Re: dbt3 data with 10GB scale factor - Mailing list pgsql-hackers

From Simon Riggs
Subject Re: dbt3 data with 10GB scale factor
Date
Msg-id 1123138467.3670.369.camel@localhost.localdomain
Whole thread Raw
In response to dbt3 data with 10GB scale factor  (Mark Wong <markw@osdl.org>)
List pgsql-hackers
On Tue, 2005-08-02 at 14:22 -0700, Mark Wong wrote:
> I've started scaling dbt3 up to the 10GB scale factor against CVS and
> the fast COPY patch:
> 
> http://www.testing.osdl.org/projects/dbt3testing/results/dev4-010/53/

Try "www1" if this URL fails for you.

> I'm sure there are some better database parameters I should use so
> please let me know what to try. ;)  What I've found interesting is the
> difference in the time it takes for Q9 to run in the power test than the
> throughput test:
> 
>          Power Test 00:56:27
> Throughput Stream 1 00:38:13
> Throughput Stream 2 00:41:33
> Throughput Stream 3 00:20:16
> Throughput Stream 4 00:18:11
> 
> Diffing the query plans between the Power Test and the individual
> streams in the Throughput Test, I only see a Materialize and Seq Scan on
> the nation table versus just a Seq Scan on the nation table between two
> of the plans.  But this doesn't appear to account for the execution time
> difference as the query with the same plan executes just as fast during
> the Throughput Test.  Here are the plans in full:

Very interesting. Excellent work on the test results.

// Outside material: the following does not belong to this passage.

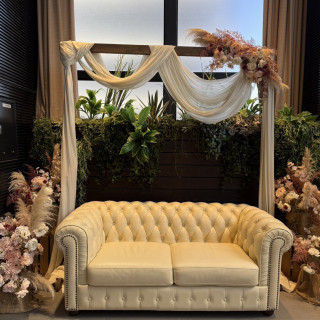 ソファーの飾りもたくさん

Initial reaction was shock, but: most of these plans use nested joins,
so there's lots of shared_buffers work going on. It feels like this
would allow the queries to share a certain percentage of blocks and
allow the multiple backends to parallelise the I/O, which in the Power
test would all be single streamed.

Difference in plans? Well, they are actually all different queries, just
very similar. I note that the number of rows retrieved by the Power Test
query actually had the fewest number of rows of any query, so the time
difference might well have been much greater.

I'll look more into the plan differences.